Ironically, the determined Confederate attempts to get Britain to declare against the blockade played a part in convincing her that the blockade was indeed effective. If it had been as leaky as the Confederates were claiming, then why make so much fuss?  Great Britain was perfectly happy to declare the Union blockade legal – the inconvenience to British trade was more than balanced by the invaluable precedent thus created.

The blockade of 1861 was indeed very leaky. Estimates suggest that only one in ten ships attempting to trade with the South was captured in the first year of the war. However, as the war progressed and the Union navy increased in size, the blockade became increasingly effective. By 1864 one in three ships were being captured, although even that ratio still left a good chance of profit for the owner of a blockade runner.

Despite claims to the contrary then and since, the blockade was effective. The number of ships entering southern ports was reduced by two thirds. Many of those ships were custom built blockade runners, capable of carrying much smaller cargos that their pre-war equivalents, so the actual amount of cargo carried must have been even smaller. The outgoing figures for cotton exports support this idea. In the three years before the war, ten million bales of cotton were exported from the south. In the three wartime years after the South lifted its own cotton embargo only half a million bales got out. While some of this was probably due to the disruption of the South’s poor transport network and the capture by the Union of ports such as New Orleans, it does demonstrate the effectiveness of the blockade.

Of course the best way to close a Southern port was to capture it. The United States Navy retained command of the seas around the Confederacy, despite repeated Confederate efforts to break that control (see below for the battle of the Ironclads). This meant that the Union could launch attacks on any Southern port that was not protected by a major Confederate army.

At the start of the war, the Confederate states contained eight major ports capable of conducting a significant amount of trade. On the east coast were Norfolk, Wilmington, Charleston and Savannah and on the Gulf coast Pensacola, Mobile, New Orleans and Galveston.

Pensacola, Florida

The port of Pensacola nearly played a major role in the succession crisis. Only its isolated position at the western end of the Florida panhandle kept it out of the secessionist limelight. One of the four Federal bases still in Union hands when Lincoln became President was Fort Pickens, in Pensacola Bay (Fort Sumter at Charleston was another).

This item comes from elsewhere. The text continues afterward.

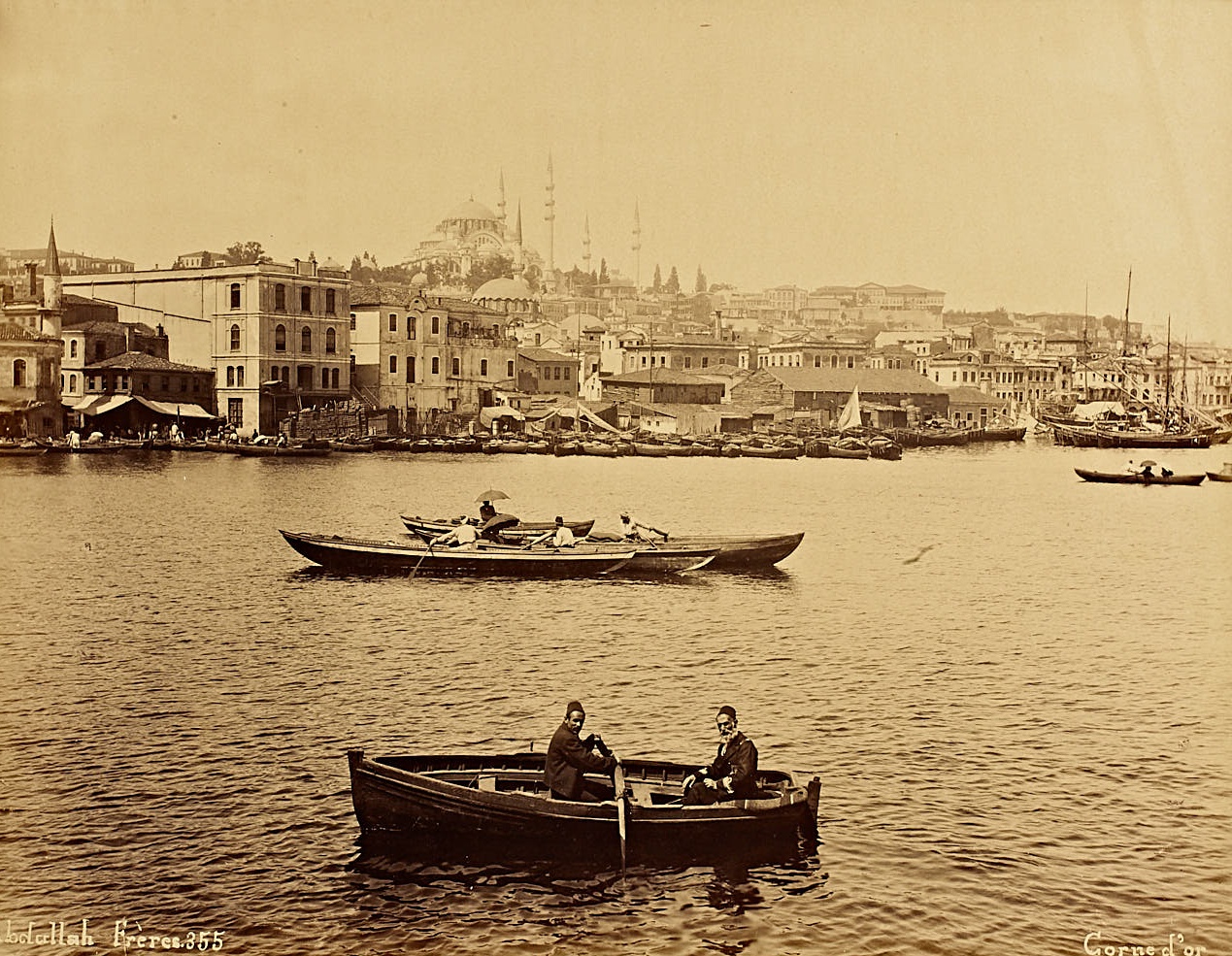 Eminönü ve Süleymaniye Camii Manzarası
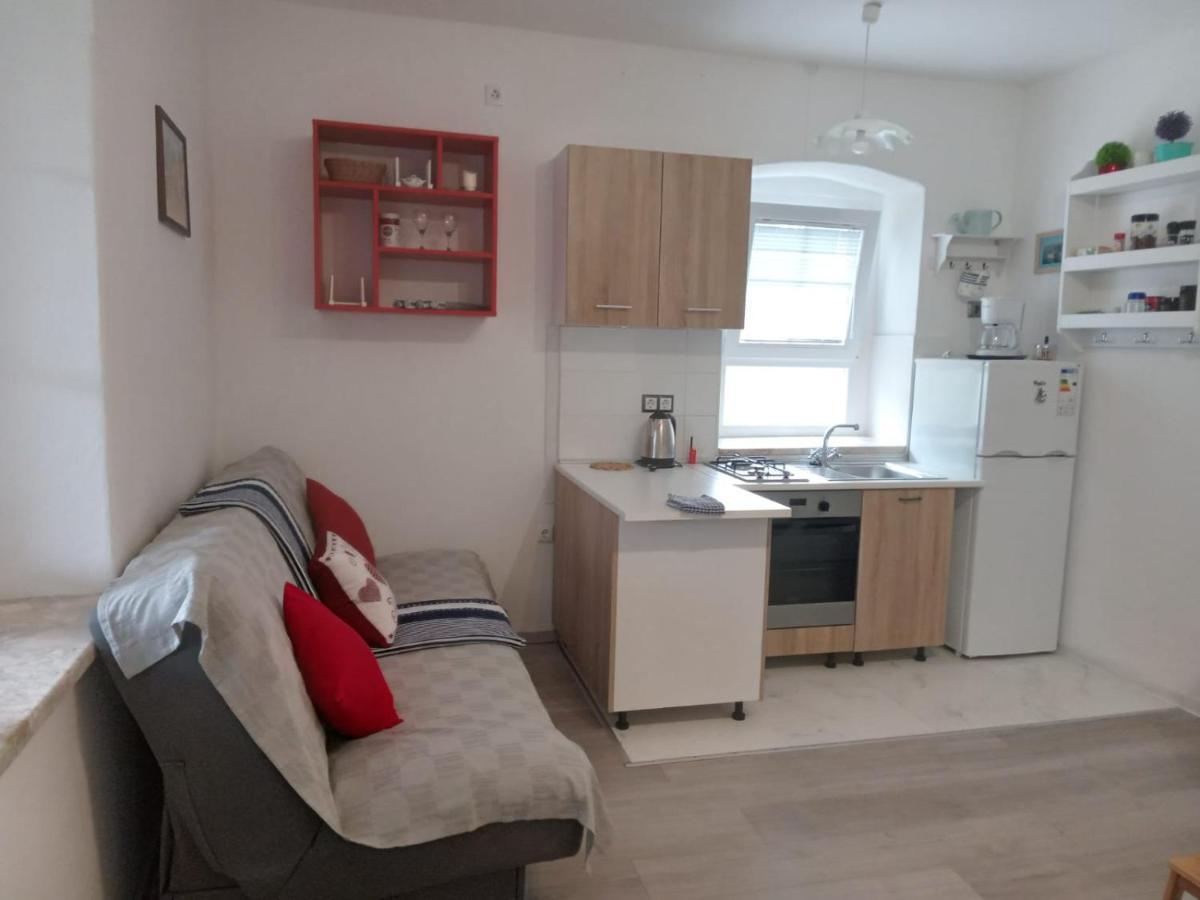 Kastelanic Apartman Brbinj ภายนอก รูปภาพ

Fort Pickens was less vulnerable to Confederate attack than Sumter. The island could be safely reinforced or re-supplied without coming in range of land based guns. While the secession crisis developed further north, at Fort Pickens it was agreed that the Union navy would be allowed to ship in supplies but not reinforcements. This agreement held until March 15, when orders were given to send in reinforcements. The Fort was successfully held by Union forces through the war, blocking Pensacola.

New Orleans (April 1862)

New Orleans was the biggest city in the Confederacy and as the sea port of the Mississippi river was also the biggest port. Her defence should have been one of the Confederacy’s highest priority, but early in 1862 the majority of her defenders were sent north in a vain attempt to push back the Union advance into Kentucky and Tennessee. On 6-7 April those troops were part of the Confederate army defeated at Shiloh.

Behind them they left 3,000 militia and a fleet of gunboats. They took this risk because they were confident that Fort Jackson and Fort St. Philip, seventy-five miles down river from New Orleans, would be able to sink any invading fleet.

If they had only faced the sailing ships that such forts had been designed to defeat after the war of 1812, then their 126 guns might well have proved enough, but time had moved on (in any case, skilled naval commanders had often overcome land based defences in earlier conflicts).

New Orleans’s fortifications were not the only connection to the War of 1812. Flag-Officer David G. Farragut, commander of the Union expedition, first joined the navy aged nine, just in time to fight in that war. Farragut was an example of Lincoln’s willingness to employ loyal Southerners. Tennessee born and married to a Virginian, Farragut was not about to desert his country.

He was just the right person for the attack on New Orleans. The mouth of the Mississippi was too shallow for large warships, so his fleet contained sloops, gunboats and schooners, smaller ships with smaller drafts, supported by 15,000 troops. At first he used mortar ships to bombard the Confederate forts, but after six days it was clear that the mortars weren’t working, and on 24 April Farragut steamed his fleet past the forts. Thirteen of seventeen ships ran the gauntlet successfully. The next day, Farragut’s fleet anchored off the now undefended New Orleans. There then following a comic-opera scene – no one could be found willing to surrender the city. Finally, on 29 April, Farragut got tired of waiting, and occupied the city’s main buildings (a desire to take the surrender before the army arrived may also have played a part).

Norfolk, Virginia (10 May 1862)

Norfolk was more important as a major U.S. Navy base than as a trading port. Its location at the end of a bay opening on to the Hampton Roads made it easy for the Union navy to blockade, especially as the Union retained control of Fort Monroe on the opposite shore of the roads. Norfolk was most famous as the home of the C.S.S. Virginia, the first ironclad warship to see combat (see below).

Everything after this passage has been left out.